Exclu : Apple, Google, Amazon, assujettis au prix unique de l'ebook

Clément Solym - 24.03.2011

Edition - Justice - prix - unique - extraterritorialité


Nous avions annoncé que lundi, une réunion s'était tenue concernant la loi sur le Prix Unique du Livre Numérique. François Fillon lui-même était intervenu dans la discussion. Nous apprenions ainsi de plusieurs sources que l'un des trois grands pans de la loi, telle que retoquée par le Sénat, ferait l'objet d'un reviremement de la part du gouvernement. (notre actualitté)

Or, réunissant les différents acteurs impliqués - SNE, SDLC, SLF - un nouvel échange a eu lieu au ministère de la Culture. Point central de la discussion : la clause d'extraterritorialité.

Prisunic, même pour GoogAmApp

Il fallait bien s'en douter : ce point était le plus délicat d'entre tous. Déjà, les propos du ministre durant le Salon du livre de Paris avaient mis la puce bien plus qu'à l'oreille. Ensuite, Antoine Gallimard, président du Syndicat National de l'Édition, avait reconnu que si le Sénat souhaitait cette clause eh bien « tant mieux ». (notre actualitté) Étranges étrangetés...


Il revenait ainsi sur la position initiale des éditeurs, qui avaient, durant les discussions à l'Assemblée nationale, soutenu un contrat de mandat pour les revendeurs basés à l'extérieur du territoire - GoogAmApp - alors que ceux situés en France seraient soumis à un prix unique du livre numérique - tousd les autres.

Le ministère a donc décidé de soutenir finalement la clause d'extraterritorialité, et d'imposer aux marchands un prix unique du livre numérique, peu importe l'endroit où ils sont basés en Europe, à compter du moment où ils vendent en France.

Une position nouvelle, qui implique tout à la fois que le syndicat des éditeurs soit revenu sur sa position, mais également que le député Gaymard, « auquel rien du monde des livres n'est étranger », va lui-même opérer le même revirement, en devant défendre un principe qu'il avait vivement combattu durant les débats de l'Assemblée nationale.

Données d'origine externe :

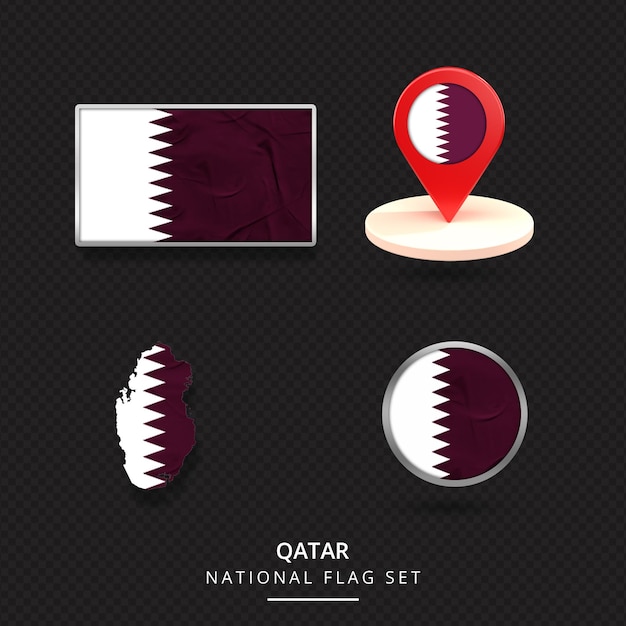 PSD design dell'elemento qatar national flagmaplocationbadge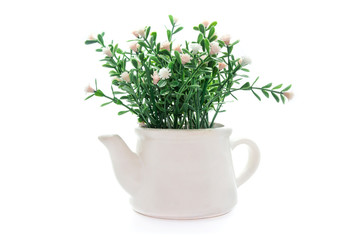 Artificial plastic flowers isolated on white background.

Tout de suite, la suite...

Conformément au calendrier, la loi sera examinée le 29 mars au Sénat, en deuxième lecture. Elle sera alors, conformément au reste du calendrier, renvoyée vraisemblablement en lecture à l'Assemblée nationale le 7 avril. Etant donné le désaccord entre les deux parties, une commission mixte paritaire devrait intervenir.

Ce qui a été compris par le ministère, c'est que la loi portant fondamentalement un principe de distorsion de concurrence, qu'elle soit ou non uniquement appliquée en France, autant assurer qu'elle défende réellement la bibliodiversité. Et que, dans tous les cas, les sanctions prises contre la France n'interviendraient pas avant.... oui, au moins tout cela. Et en années...

C'est également un coup dur pour Hachette, qui est, par le biais de Apple, un défenseur du contrat de mandat. L'éditeur était parvenu à convaincre que cette solution était la meilleure pour les revendeurs situés à l'extérieur du territoire.

Selon nos sources, l'article 5bis pourrait être toutefois malmené. Nous y reviendrons sous peu.

En tout cas, pour Prisunic qu'elle soit, la loi commence à prendre une forme plus respectueuse.